== Available data ==
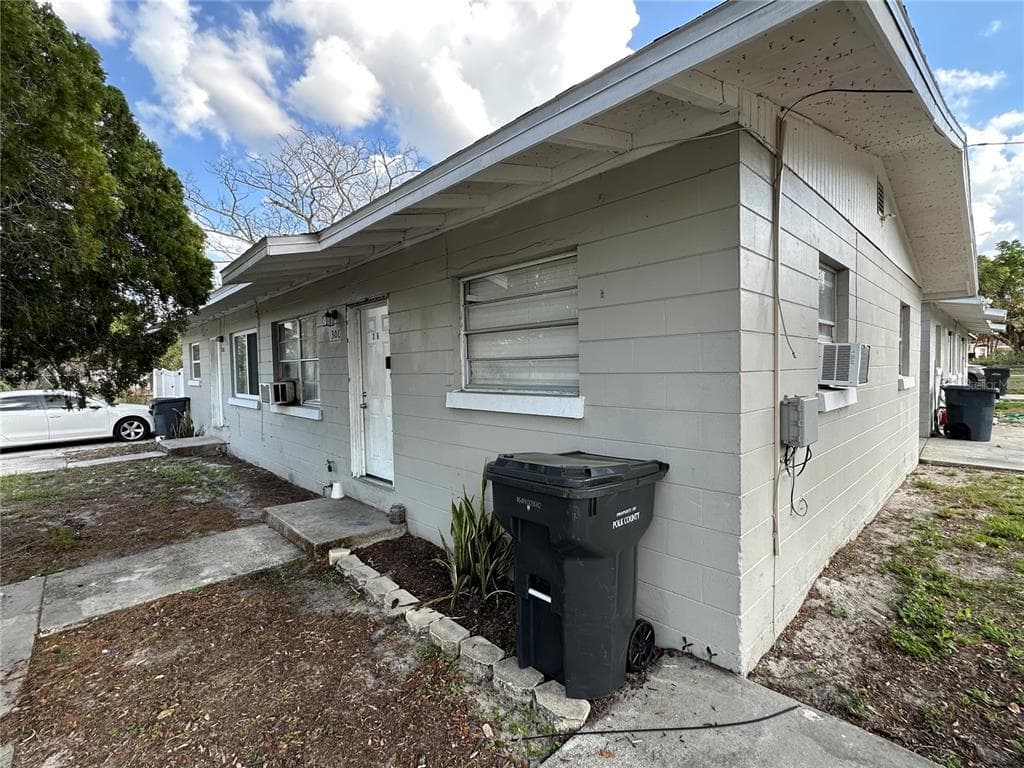 306 NE X AVENUE WINTER HAVEN, FL 33881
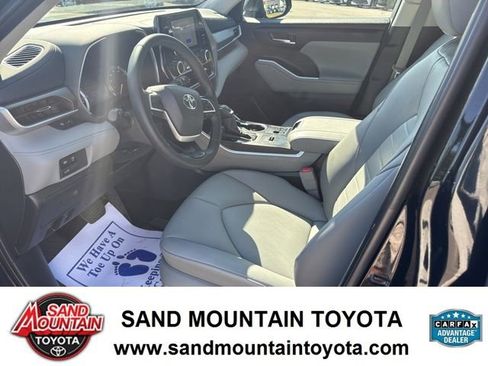 Used 2024 Toyota Highlander XLE image 12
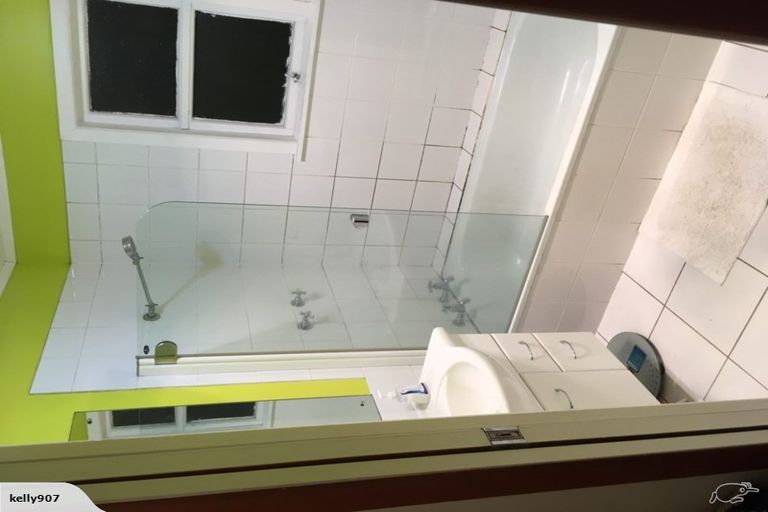 Photo of property in 30 Megan Avenue, Pakuranga Heights, Auckland, 2010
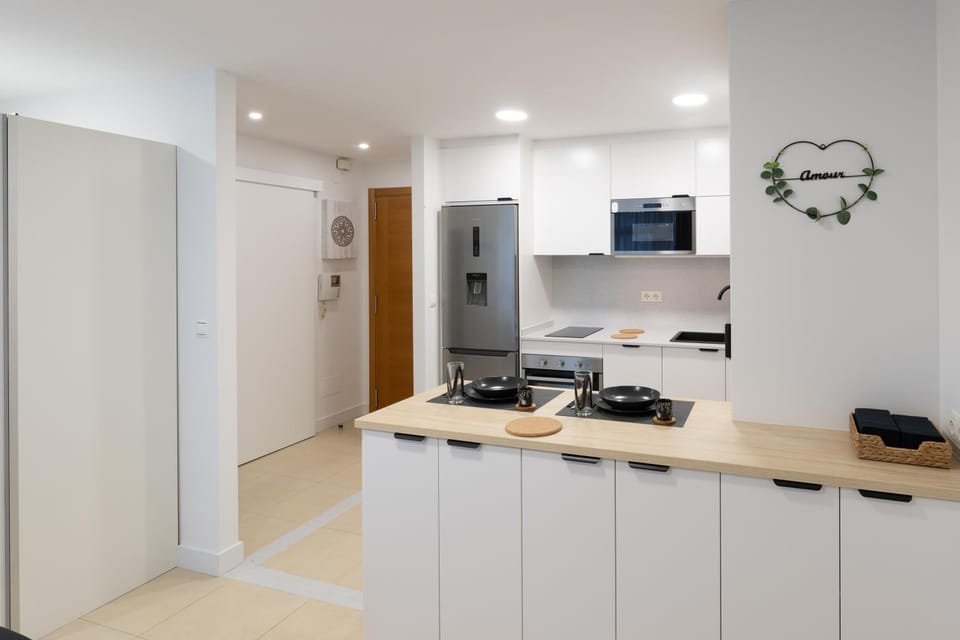 Kitchen or kitchenette, minibar, pet friendly, stove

== What you will do ==
Restate the listing word for word, pictures omitted.

== Solution for this task ==
 306 NE X AVENUE WINTER HAVEN, FL 33881
 Used 2024 Toyota Highlander XLE image 12
 Photo of property in 30 Megan Avenue, Pakuranga Heights, Auckland, 2010
 Kitchen or kitchenette, minibar, pet friendly, stove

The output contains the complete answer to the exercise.